(Colossians 1:15-20 ESV) (15) He is the image of the invisible God, the firstborn of all creation. (16) For by him all things were created, in heaven and on earth, visible and invisible, whether thrones or dominions or rulers or authorities — all things were created through him and for him. (17) And he is before all things, and in him all things hold together. (18) And he is the head of the body, the church. He is the beginning, the firstborn from the dead, that in everything he might be preeminent. (19) For in him all the fullness of God was pleased to dwell, (20) and through him to reconcile to himself all things, whether on earth or in heaven, making peace by the blood of his cross.
I have launched a preaching series through the book of Colossians on Sunday mornings. The saints at Colossae were being subjected to some crazy stuff about angels and asceticism and weird philosophies that promised “deeper” knowledge. Paul, writing most likely from a Roman prison, wrote to them after Epaphras came and told him what was going on back home. Time to put an end to that nonsense. So Paul wrote this letter and he told them about Christ. About the absolute supremacy of Christ. How Christ is God and pre-eminent over all things (that’s what “first-born” means, not “first-created”). He said that Christ actually was the agent of creation and even more — that you just can’t find anything greater or deeper than Christ.
(Colossians 2:2-3 ESV) (2) ….to reach all the riches of full assurance of understanding and the knowledge of God’s mystery, which is Christ, (3) in whom are hidden all the treasures of wisdom and knowledge.
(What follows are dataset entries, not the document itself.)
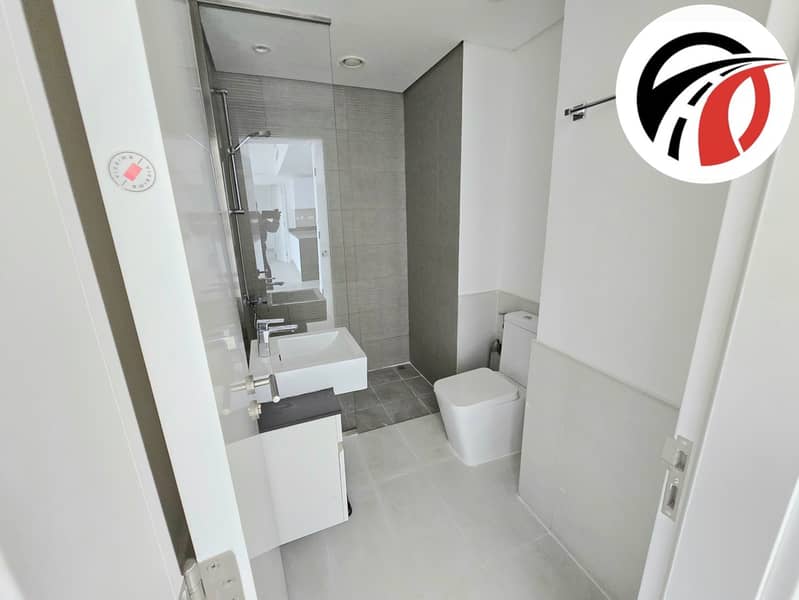 Spacious Apartment ! Pool Facing ! With All Aminities ! Read to move - Image 9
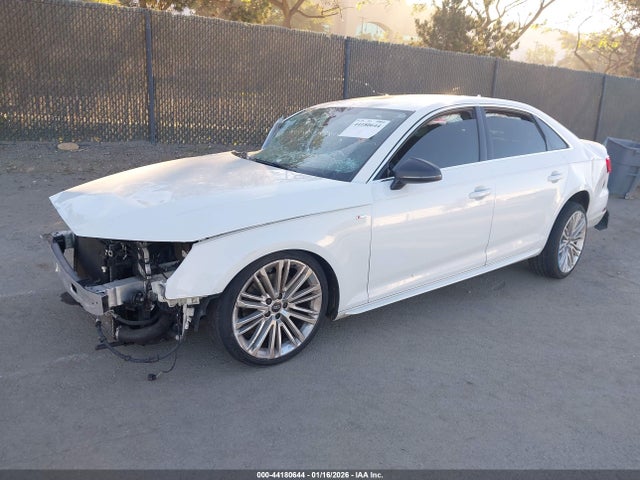 2017 AUDI A4 WAULMAF43HA167845 Photo 1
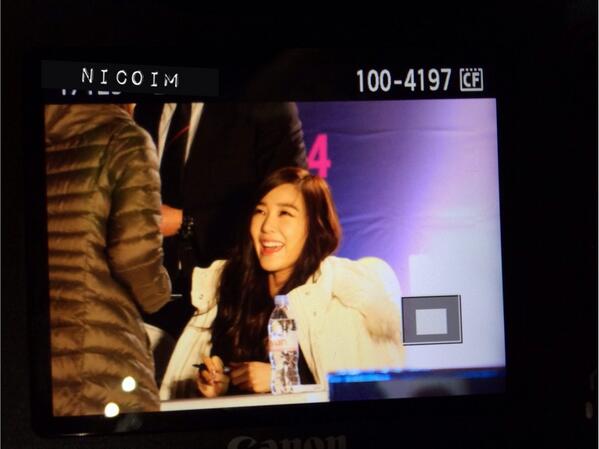 [PIC][16-03-2014]SNSD tham dự buổi fansign cuối cùng cho "Mr.Mr" vào tối nay Bi2L4EcCcAAWtKI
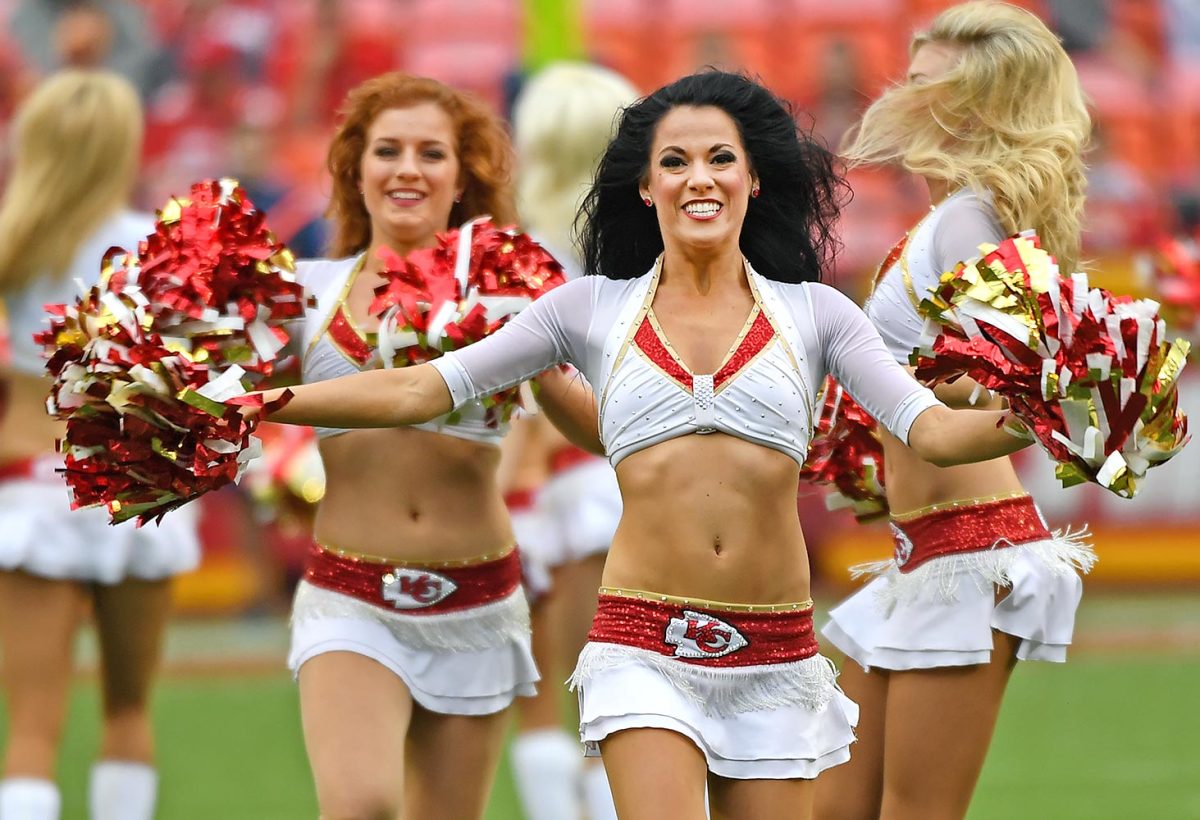 Kansas-City-Chiefs-cheerleaders-GettyImages-610929534_master.jpg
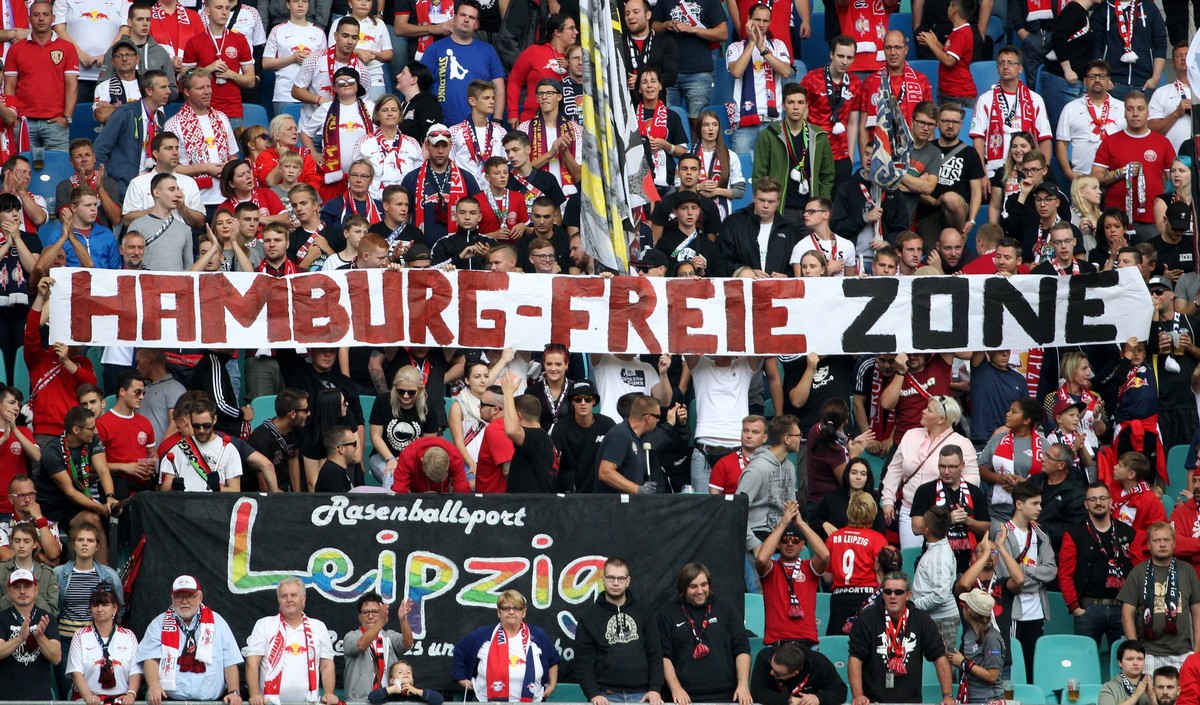 GER, 1. FBL, RasenBallsport Leipzig vs Hannover 96 15.09.2018 , Leipzig, Red Bull Arena, GER, 1.FBL, Saison 2018/ 2019, 03. Spieltag, RasenBallsport Leipzig vs Hannover 96 im Bild Leipziger Fans mit T ...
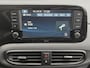 Hyundai i10 1.0 Comfort Smart Automaat / Fabrieksgarantie tot 07-2026 / Allseason banden /   Stuur-, en Stoel verwarming / Navigatie via Apple Carplay of Android Auto / Cruise control / Achteruitrijcamera / Climate control / Elektrische ramen voor /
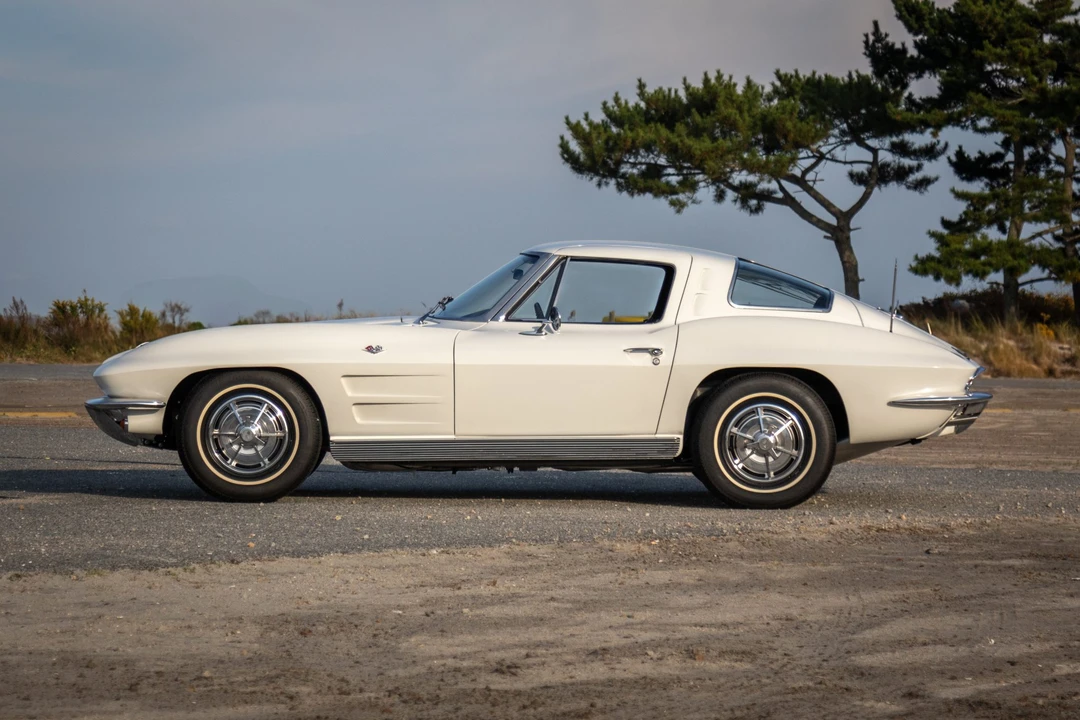 1963 Chevrolet Corvette C2 - Image 24 of 31
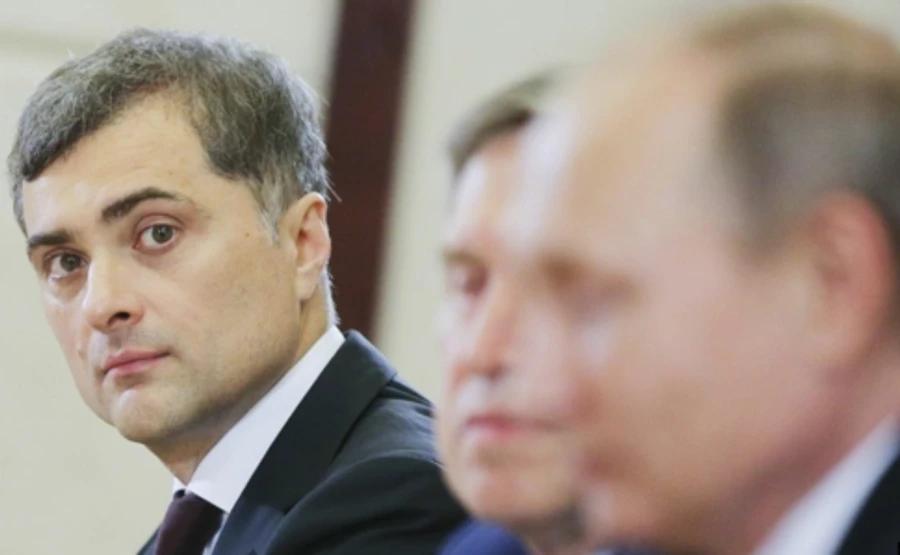 Путін офіційно звільнив Суркова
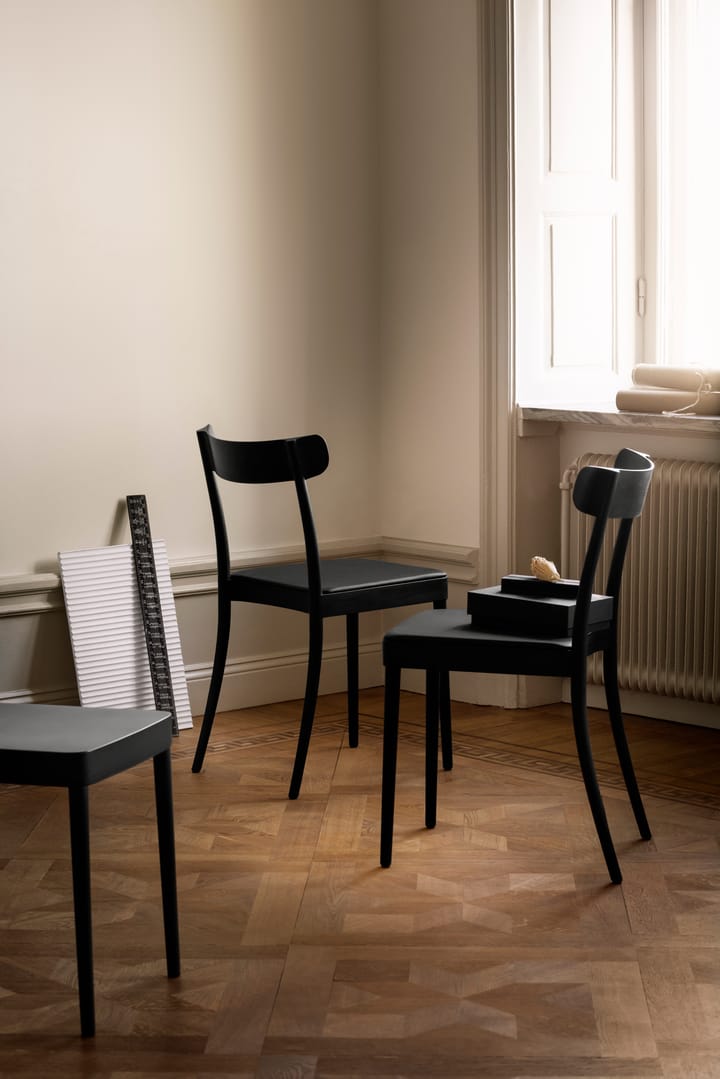 Petite Stuhl - Furnierte Sitzfläche Schwarz - Gärsnäs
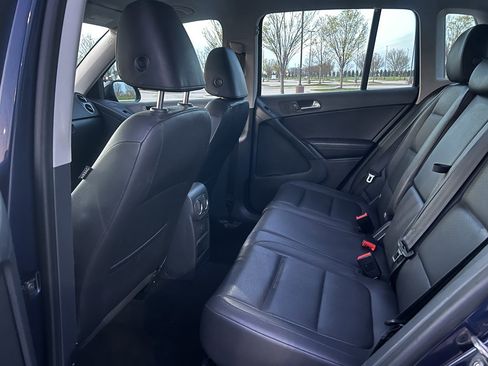 Used 2016 Volkswagen Tiguan S image 14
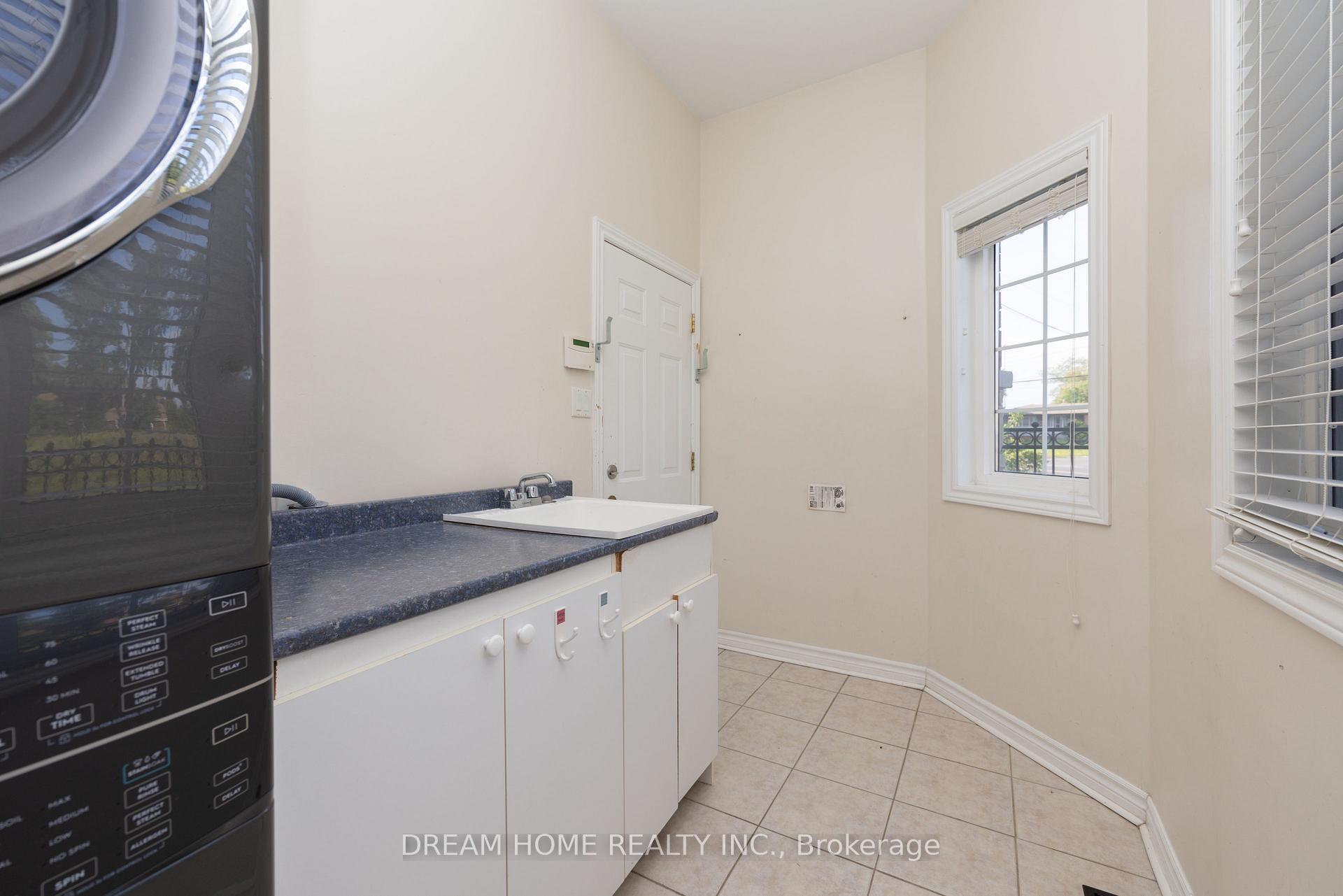 Photo 28 of 4083 Ellesmere Road, Scarborough, Highland Creek — HOMEH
All the treasures of wisdom and knowledge. So you don’t have to look anyplace else. If Christians would have listened to this one little four-chaptered epistle, Mormonism, Jehovah’s Witnesses, Christian Science, Swedenborgianism, classical Adventism, and yes, Roman Catholicism — would never have gotten off the ground. They all began with someone having some “vision” and promising something “more” than Christ. It’s all drivel and nonsense.
(Colossians 2:8-9 ESV) (8) See to it that no one takes you captive by philosophy and empty deceit, according to human tradition, according to the elemental spirits of the world, and not according to Christ. (9) For in him the whole fullness of deity dwells bodily,
(Colossians 2:18-19 ESV) (18) Let no one disqualify you, insisting on asceticism and worship of angels, going on in detail about visions, puffed up without reason by his sensuous mind, (19) and not holding fast to the Head, from whom the whole body, nourished and knit together through its joints and ligaments, grows with a growth that is from God.
Alright then, what does all of this have to do with abuse and marriage and divorce? Just this: that we must not permit anything to come between us and an increasing knowledge of and relationship with the Lord Jesus Christ. Jesus Himself told us so —
(Matthew 10:34-39 ESV) (34) “Do not think that I have come to bring peace to the earth. I have not come to bring peace, but a sword. (35) For I have come to set a man against his father, and a daughter against her mother, and a daughter-in-law against her mother-in-law. (36) And a person’s enemies will be those of his own household. (37) Whoever loves father or mother more than me is not worthy of me, and whoever loves son or daughter more than me is not worthy of me. (38) And whoever does not take his cross and follow me is not worthy of me. (39) Whoever finds his life will lose it, and whoever loses his life for my sake will find it.
(Matthew 19:28-30 ESV) (28) Jesus said to them, “Truly, I say to you, in the new world, when the Son of Man will sit on his glorious throne, you who have followed me will also sit on twelve thrones, judging the twelve tribes of Israel. (29) And everyone who has left houses or brothers or sisters or father or mother or children or lands, for my name’s sake, will receive a hundredfold and will inherit eternal life. (30) But many who are first will be last, and the last first.
Christ does call us to leave our most intimate relationships when doing so is required if we are to follow Him. Is it wrong for a mother to abandon her son or daughter? Under normal circumstances, yes. But if choosing them means not following Christ, then we must choose Christ every time. Jesus is not encouraging child abandonment, but is simply emphasizing how we must always put Him first.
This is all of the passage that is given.